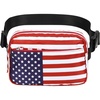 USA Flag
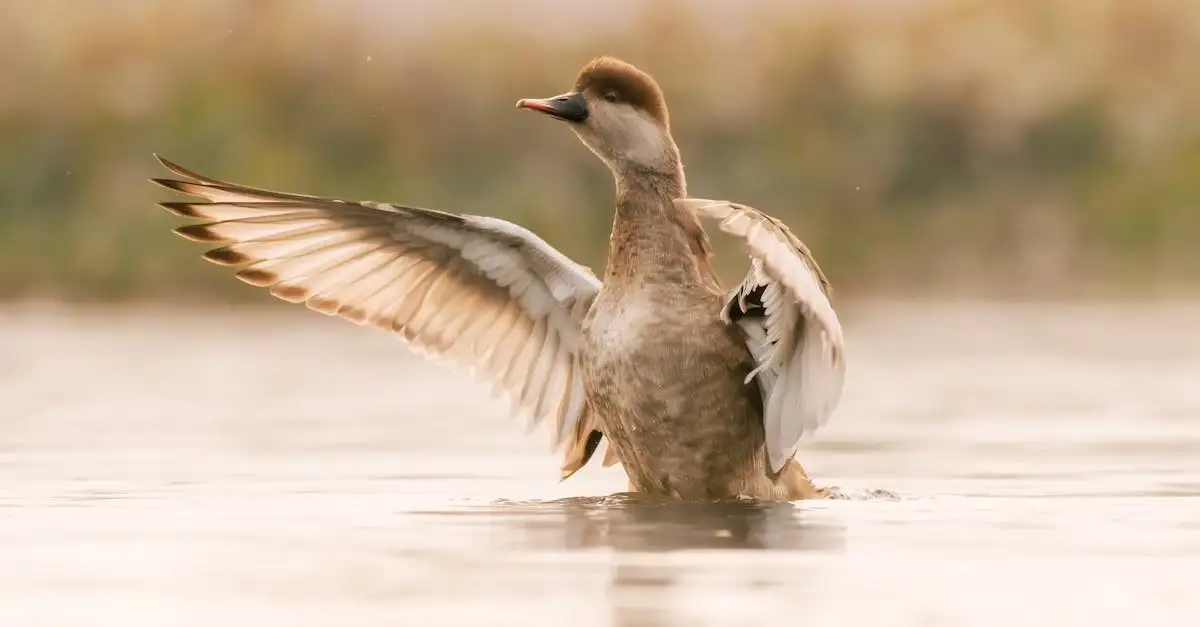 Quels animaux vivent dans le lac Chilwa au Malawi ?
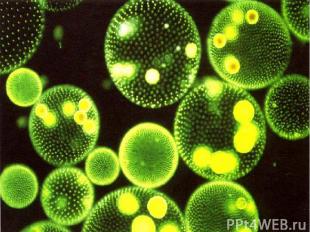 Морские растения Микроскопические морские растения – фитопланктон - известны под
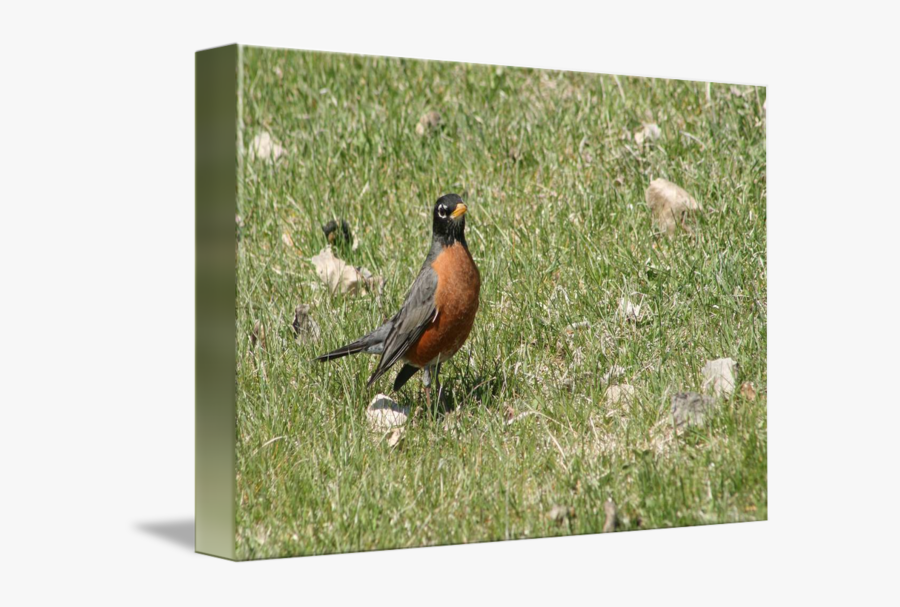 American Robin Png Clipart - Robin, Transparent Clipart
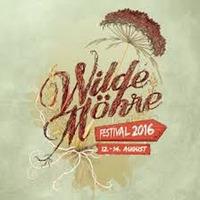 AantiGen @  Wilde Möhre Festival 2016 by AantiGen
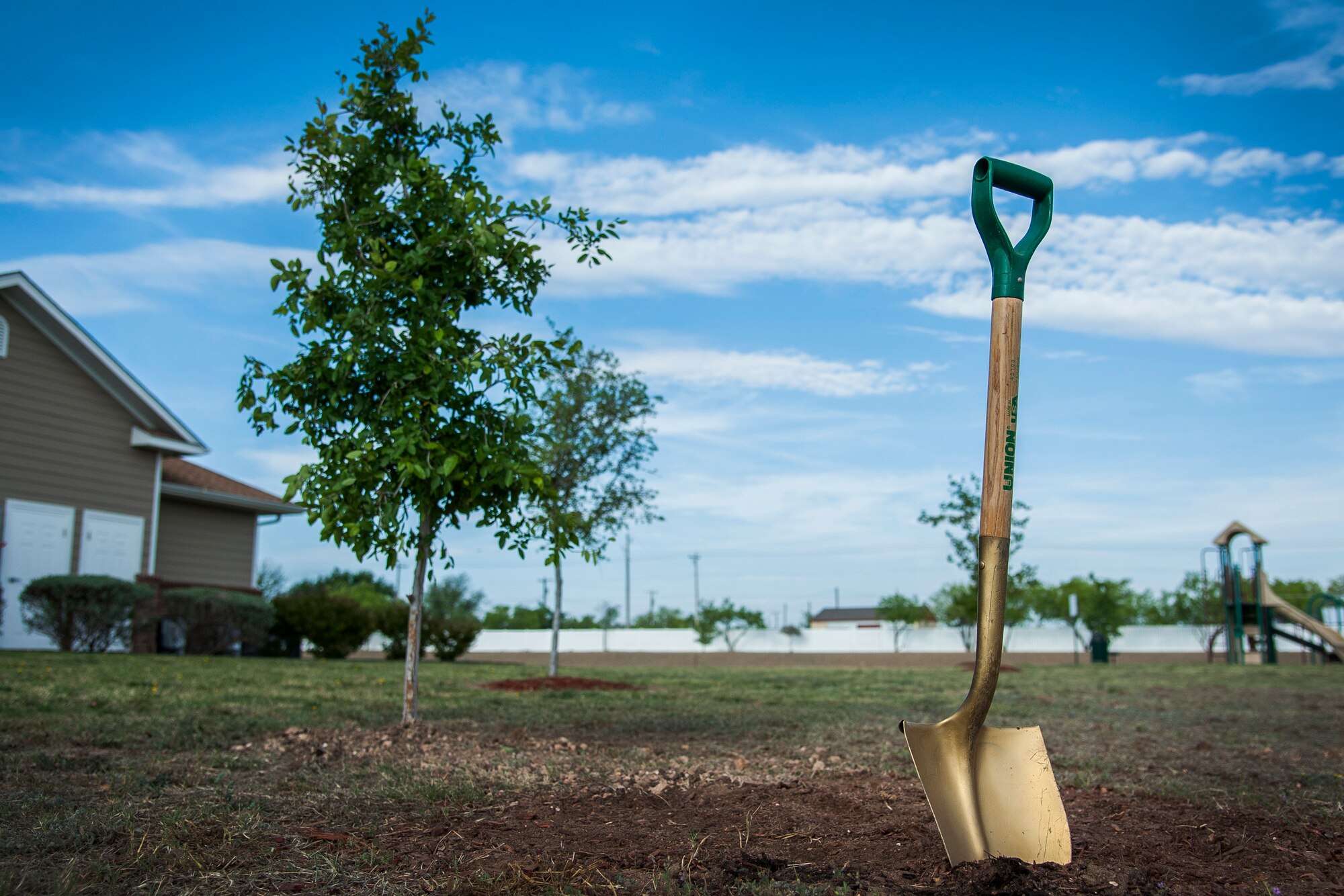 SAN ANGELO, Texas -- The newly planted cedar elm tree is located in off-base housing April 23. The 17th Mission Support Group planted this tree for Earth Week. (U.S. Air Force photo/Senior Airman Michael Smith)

* * *

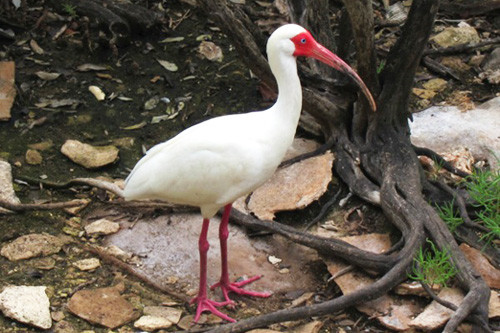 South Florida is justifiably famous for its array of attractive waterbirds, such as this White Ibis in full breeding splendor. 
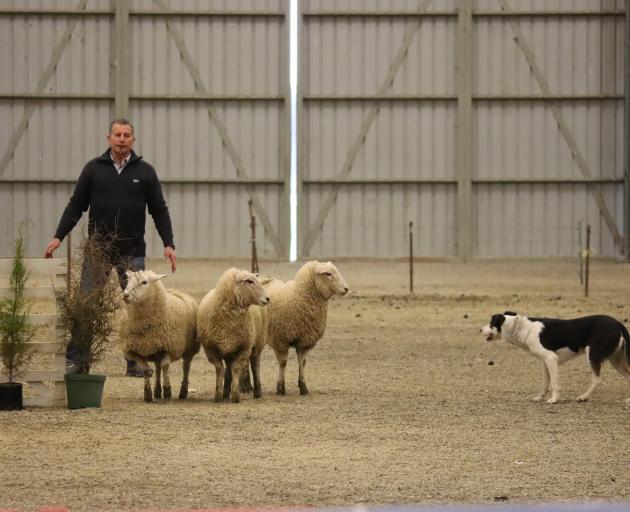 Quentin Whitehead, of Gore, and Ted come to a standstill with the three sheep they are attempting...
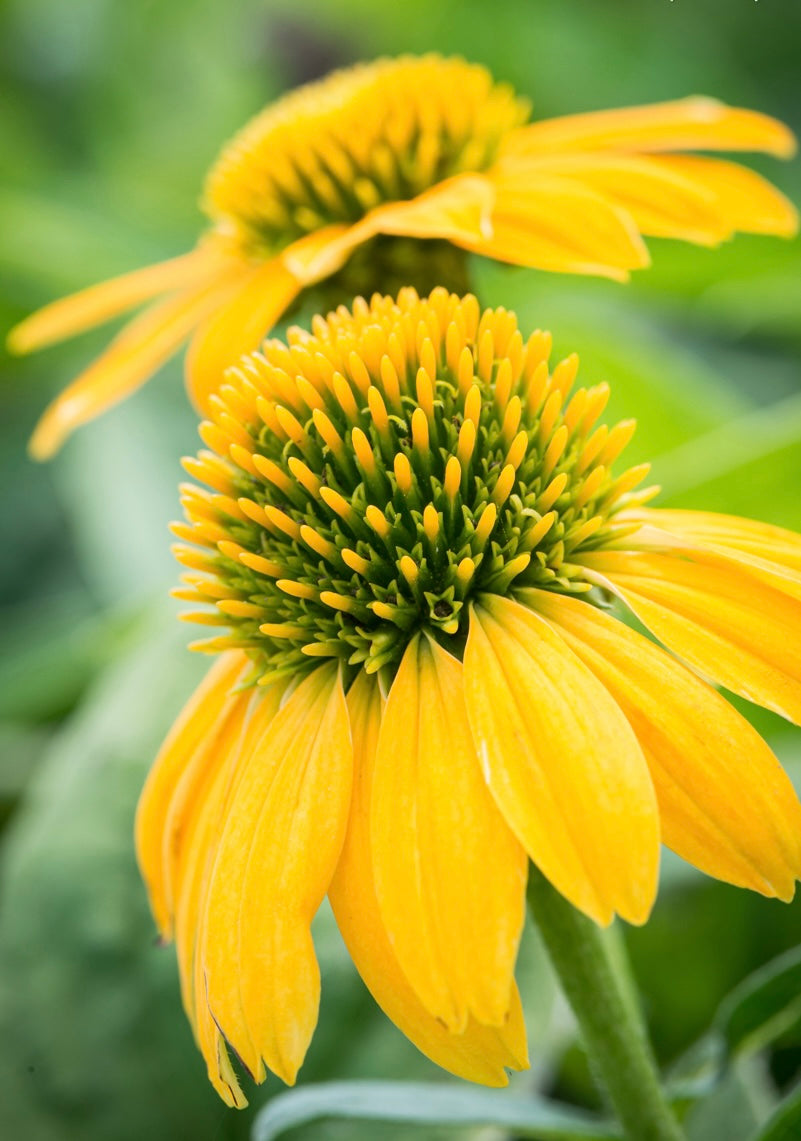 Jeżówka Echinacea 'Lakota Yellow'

_Description of the task_
Your answer must be the lines above from the one holding "South Florida is" up to and including the one holding "Jeżówka Echinacea 'Lakota Yellow'", exact and with no pictures.

_Answer section_
 South Florida is justifiably famous for its array of attractive waterbirds, such as this White Ibis in full breeding splendor. 
 Quentin Whitehead, of Gore, and Ted come to a standstill with the three sheep they are attempting...
 Jeżówka Echinacea 'Lakota Yellow'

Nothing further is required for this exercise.